A couple of observations though. My club run cycle specific spin sessions. Since the advent of Zwift attendance has dropped from two full classes of 24 per week to one class of 9/10. I suspect these will not happen at all in 2018/19 winter. In almost every case those who dropped out now have Zwift. I find it disappointing people prefer the virtual world to a good work out with friends and colleagues twice a week. During the annual Facebook chat re miles ridden one member commented “mine are all real road miles” a view I have some sympathy with.

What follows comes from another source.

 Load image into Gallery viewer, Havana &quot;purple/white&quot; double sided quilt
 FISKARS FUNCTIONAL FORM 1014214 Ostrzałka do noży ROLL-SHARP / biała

I feel riding through the winter is the more beneficial option. I only managed three rides in December against the usual eight per month - ice, fog and rain making conditions too dangerous, I stopped when my buddy broke his collar bone on ice. I was pleased to find on the NYE ride my fitness was good and possibly my body has benefitted from three weeks with only one ride. Should be back out on Sunday, forecast is +1 and sunny.


----------



## T.M.H.N.E.T (5 Jan 2018)

People need to accept that others have different ways of getting things done and leave them to it. An awful lot of people stop riding entirely in winter (is this not an inclusive forum?)

I don't give anyone riding outside grief for doing so and they don't give me any for being on zwift all the time.

Simple fact is, I can work harder for less time in a safer environment that isn't dark. I emerge in spring leaner and fitter than many of those to battled the elements/lost skin due to road rash.


----------



## johnnyb47 (5 Jan 2018)

Hi again.
I've been looking around today for one and have come across one in Halfords. It's only a basic one from Bike Hut, and is on sale for £50. I,m tempted by the reduced price and could even fit my spare wireless cycle computer sensor to the back wheel for a rough guide to recording my time/speed average. Has anybody here got one of these to vouch for them. 
Thanks for all the recent feed back on this subject. 
Much appreciated,
Johnny.


----------



## vickster (5 Jan 2018)

I think the cheap(er) ones can be very noisy - not good if the plan is to watch the TV while using (I have a quieter fluid one and I still have to turn the TV right up)

This might be a decent bet https://www.cyclechat.net/threads/tacx-satori-trainer.227696/ if @maroon still selling (retails around £170 new)


----------



## Tin Pot (5 Jan 2018)

johnnyb47 said:


> Hi again.
> I've been looking around today for one and have come across one in Halfords. It's only a basic one from Bike Hut, and is on sale for £50. I,m tempted by the reduced price and could even fit my spare wireless cycle computer sensor to the back wheel for a rough guide to recording my time/speed average. Has anybody here got one of these to vouch for them.
> Thanks for all the recent feed back on this subject.
> Much appreciated,
> Johnny.



If you haven’t got a power meter, you won’t get the best out of online training but some will accept speed and cadence if you have a turbo they support, and a speed and cadence sensor they support.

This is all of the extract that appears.